Ciao a tutti! Oggi voglio parlarvi di un argomento che tocca da vicino molti di noi: la lotta contro il cancro e, soprattutto, la vita *dopo* la diagnosi. Sopravvivere al cancro è una vittoria incredibile, ma sappiamo che il percorso non finisce lì. Una delle grandi sfide è capire quali fattori influenzano la prognosi a lungo termine.

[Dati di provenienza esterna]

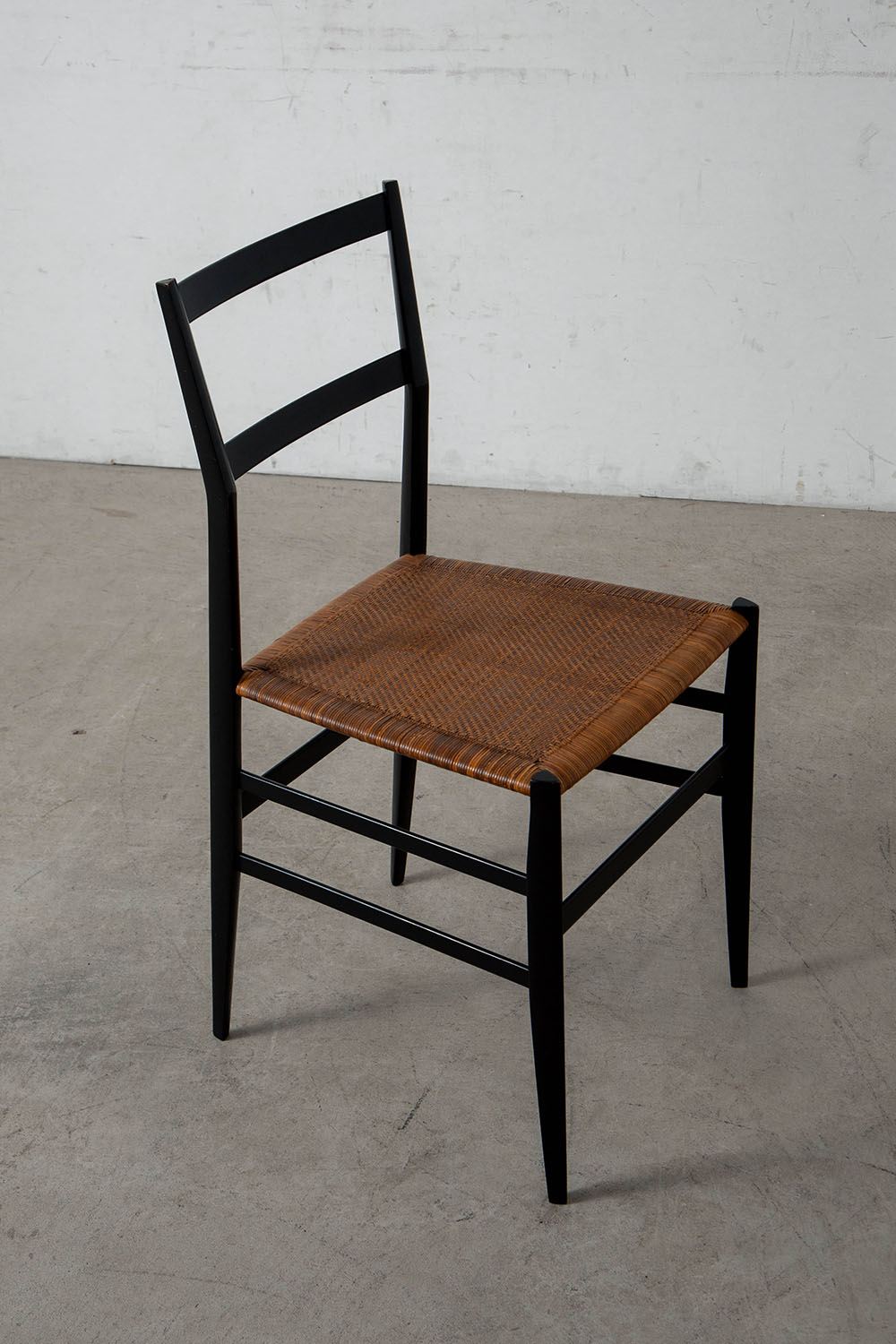 Superleggera,スーパーレッジェーラ,Chair,Gio Ponti,Cassina,Italy,イタリア,清澄白河,Antique,Vintage,Interior Design,stoop,topso,アンティーク,ビンテージ,ヴィンテージ,家具,雑貨,インテリア,店舗什器,設計,インテリアデザイン,内装,什器,店舗設計,ギャラリー,デザイナーズ家具,ショールーム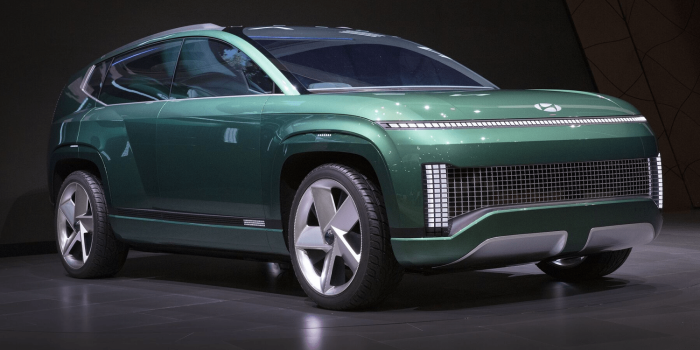 Hyundai seven concept min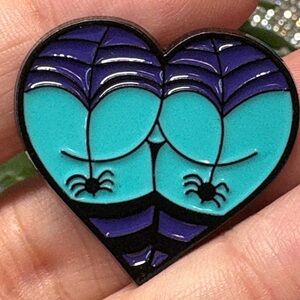 SEXY BUM Heart-Shaped Blue and Purple Enamel Pin super glossy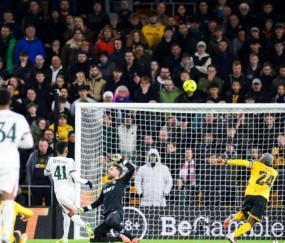 英联赛杯八强战况综述:切尔西替补轻松应对,曼城轮换战略大获成功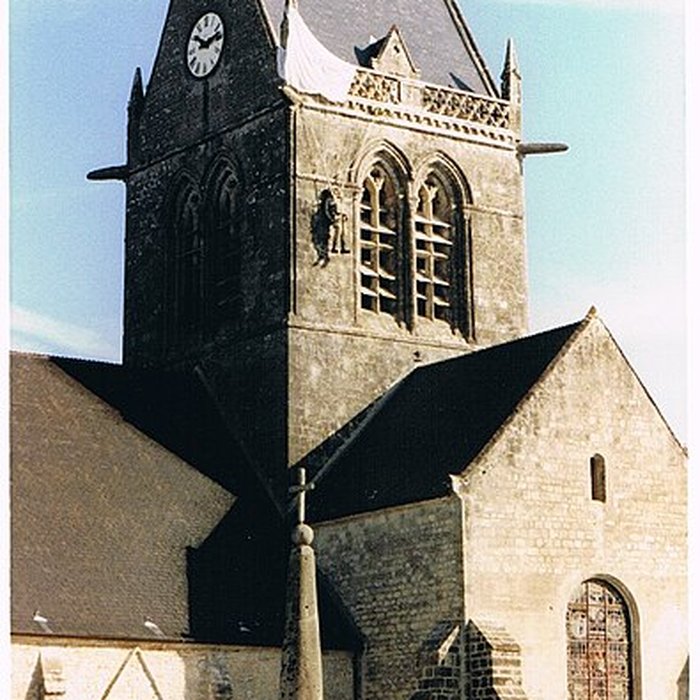 Photo de Église Notre-Dame-de-lAssomption de Sainte-Mère-Église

E se vi dicessi che un semplice esame del sangue potrebbe darci indizi preziosi? Parliamo dell’Indice di Risposta Infiammatoria Sistemica, o SIRI (dall’inglese Systemic Inflammation Response Index). Sembra complicato? Tranquilli, cerchiamo di capirci qualcosa insieme.
Cos’è questo SIRI e perché dovrebbe interessarci?

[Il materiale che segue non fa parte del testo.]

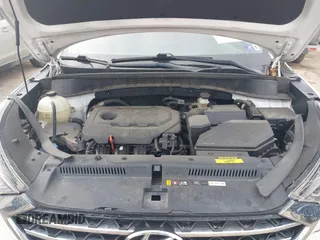 2019 Hyundai Tucson Ultimate with VIN KM8J3CALXKU016834, listed as a IAAI auction lot 40970606 with 104,208 mi miles. Bid and sale history available at carsss.com. Image 10.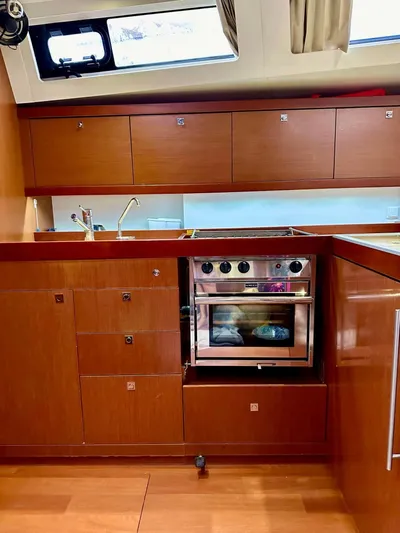 Flamingo Yacht Photos Pics 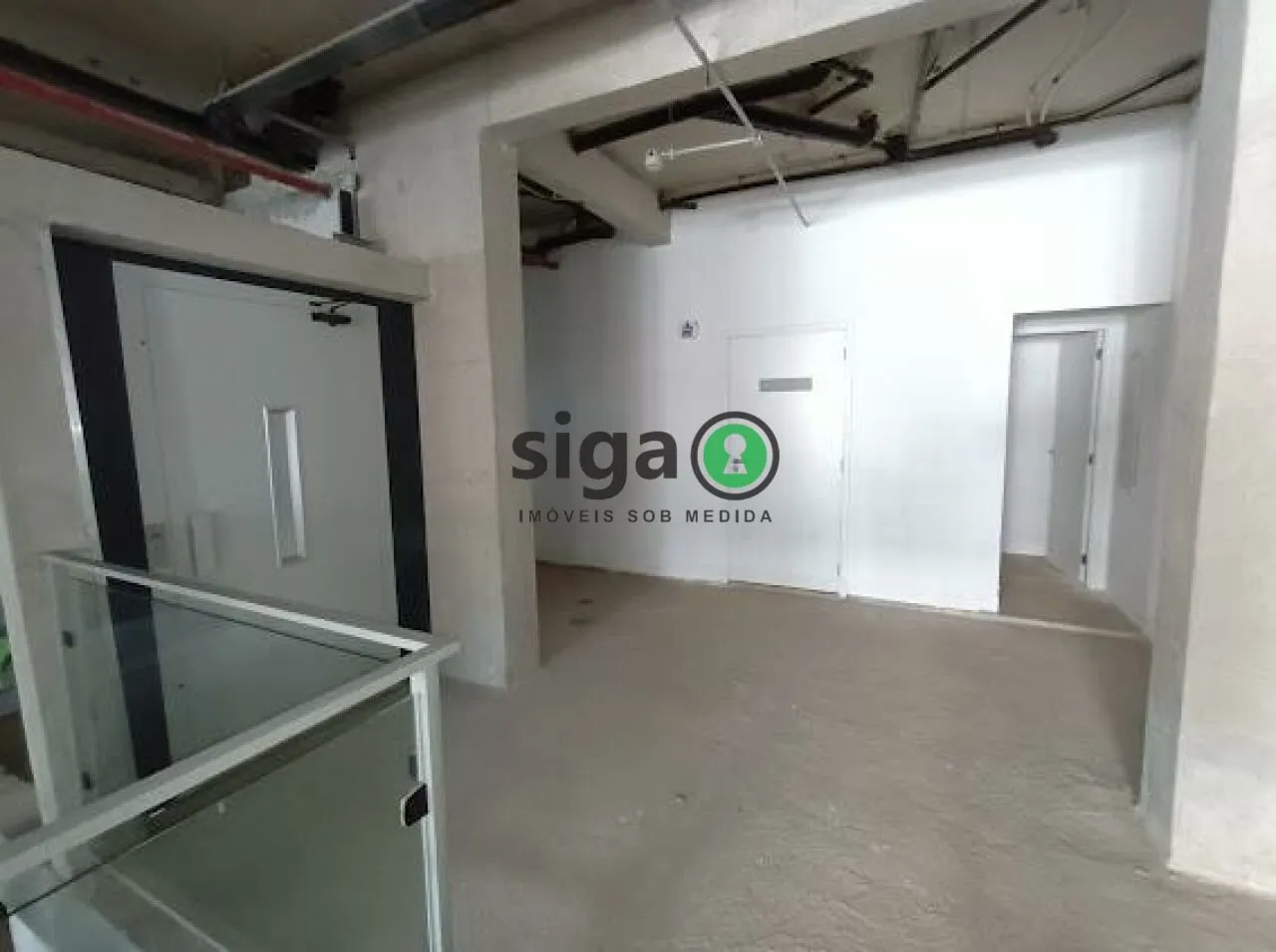 Imagem Loja para locação com 389m², 2 banheiros, fachada Ativa, em Pinheiros, no contrapiso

L’infiammazione, lo sappiamo, gioca un ruolo chiave nello sviluppo e nella progressione di molti tumori. È come un fuoco che cova sotto la cenere: può alimentare la crescita delle cellule tumorali, aiutarle a diffondersi e persino influenzare la risposta del nostro corpo alle terapie. Per questo, monitorare lo stato infiammatorio è diventato fondamentale.
Il SIRI è un indicatore relativamente nuovo che fa proprio questo. Come si calcola? È sorprendentemente semplice: si prendono i valori di tre tipi di globuli bianchi dal nostro emocromo (un esame del sangue comunissimo):
- Neutrofili
- Monociti
- Linfociti
La formula è: SIRI = (Conteggio Neutrofili × Conteggio Monociti) / Conteggio Linfociti.

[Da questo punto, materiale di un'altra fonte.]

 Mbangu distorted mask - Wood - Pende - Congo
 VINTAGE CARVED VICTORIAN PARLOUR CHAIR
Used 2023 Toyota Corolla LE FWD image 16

In pratica, il SIRI ci dà una fotografia dell’equilibrio (o squilibrio) tra le cellule che promuovono l’infiammazione (neutrofili e monociti) e quelle che la combattono e orchestrano la risposta immunitaria contro il tumore (linfociti). Il bello è che si basa su dati facilmente reperibili, non richiede test invasivi ed è economico. Un potenziale strumento d’oro, insomma! Ma funziona davvero? È affidabile?
Uno sguardo ai dati: lo studio NHANES
Per rispondere a queste domande, un recente studio si è tuffato nei dati del National Health and Nutrition Examination Survey (NHANES), una vasta indagine sulla salute condotta negli Stati Uniti. Hanno analizzato i dati di ben 3.733 sopravvissuti al cancro raccolti tra il 2001 e il 2018, seguendoli fino alla fine del 2019. L’obiettivo? Vedere se ci fosse un legame tra i valori di SIRI al momento dell’indagine e il rischio di mortalità per qualsiasi causa (all-cause mortality) negli anni successivi.

I partecipanti sono stati divisi in quattro gruppi in base ai loro valori di SIRI, dal più basso (Q1) al più alto (Q4). Durante un periodo medio di follow-up di quasi 10 anni (119 mesi), purtroppo, 1.217 persone sono decedute, circa il 32,6% del campione.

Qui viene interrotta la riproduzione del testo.